(TASK DESCRIPTION) Return, with both end lines included, exactly what the data below holds from the line with "Які240V PO5000C PO6000C" through the line with "Showbiz 24/8: MC", though not the pictures.

(RECORDS FOR THIS EXERCISE)
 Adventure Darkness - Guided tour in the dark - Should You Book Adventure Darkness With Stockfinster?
--
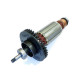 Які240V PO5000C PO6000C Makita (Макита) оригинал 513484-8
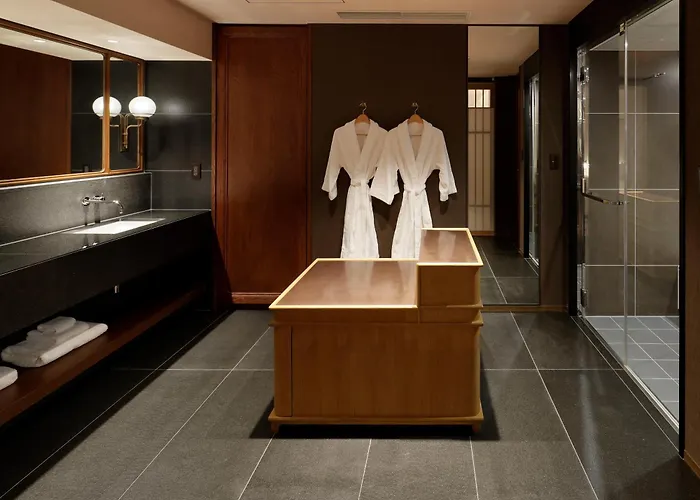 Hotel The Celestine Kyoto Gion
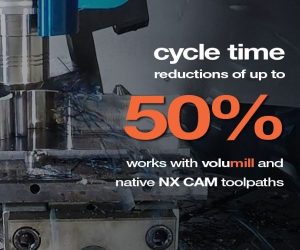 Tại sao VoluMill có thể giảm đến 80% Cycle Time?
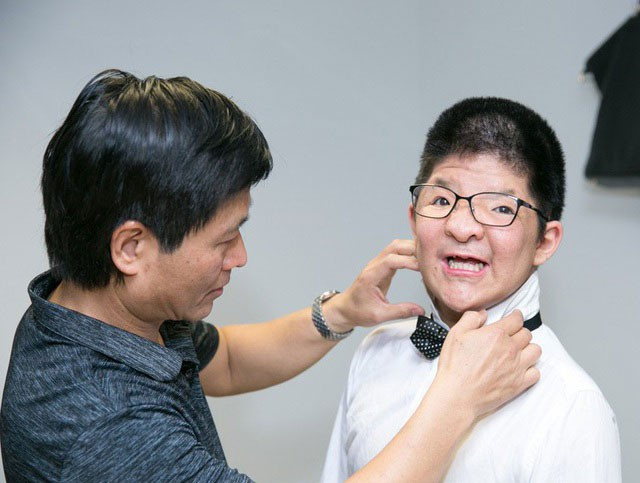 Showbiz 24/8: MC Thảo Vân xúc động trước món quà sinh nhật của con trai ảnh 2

(TASK RESPONSE)
 Які240V PO5000C PO6000C Makita (Макита) оригинал 513484-8
 Hotel The Celestine Kyoto Gion
 Tại sao VoluMill có thể giảm đến 80% Cycle Time?
 Showbiz 24/8: MC Thảo Vân xúc động trước món quà sinh nhật của con trai ảnh 2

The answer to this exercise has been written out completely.